*Supplied material:*
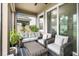 Inviting screened-in patio with comfortable seating and a stylish coffee table, perfect for outdoor living at 5006 Jackel Chase Dr, Wimauma, FL 33598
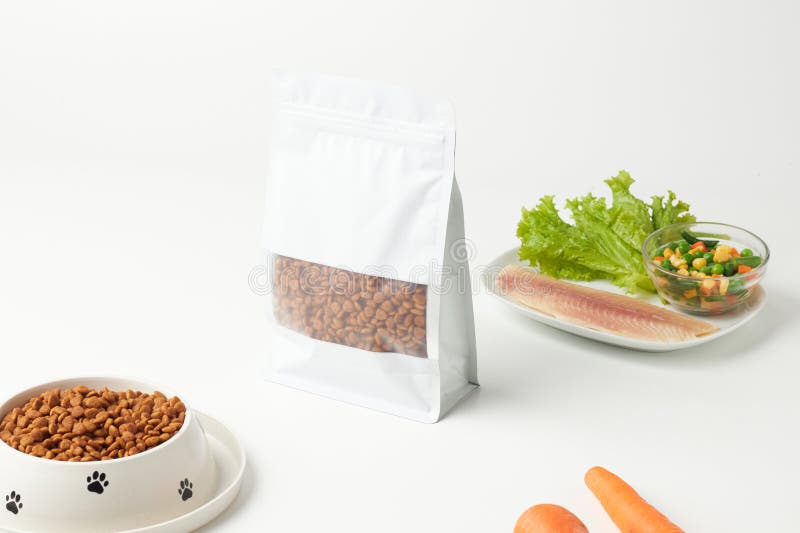 Paket med torrfoder för sällskapsdjur bredvid färska grönsaker och kött på en ren yta arkivbilder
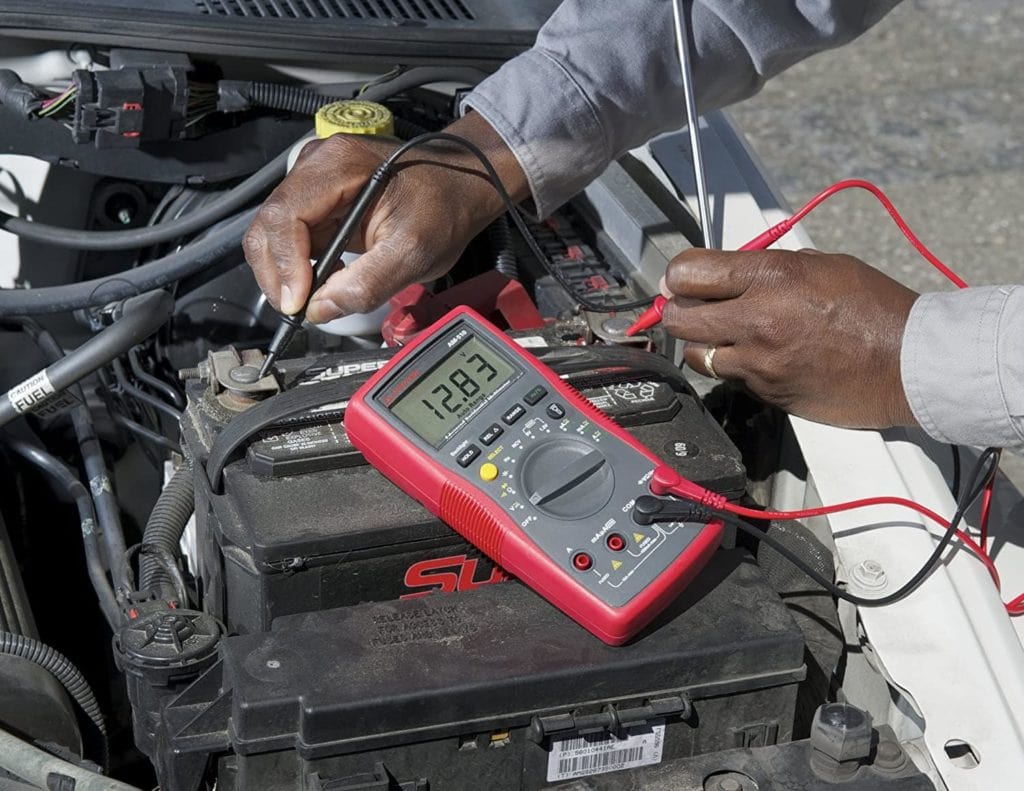 person using Amprobe AM-510 Multimeter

*What you will do:*
Copy the full listing above exactly, apart from the pictures.

*Reply:*
 Inviting screened-in patio with comfortable seating and a stylish coffee table, perfect for outdoor living at 5006 Jackel Chase Dr, Wimauma, FL 33598
 Paket med torrfoder för sällskapsdjur bredvid färska grönsaker och kött på en ren yta arkivbilder
 person using Amprobe AM-510 Multimeter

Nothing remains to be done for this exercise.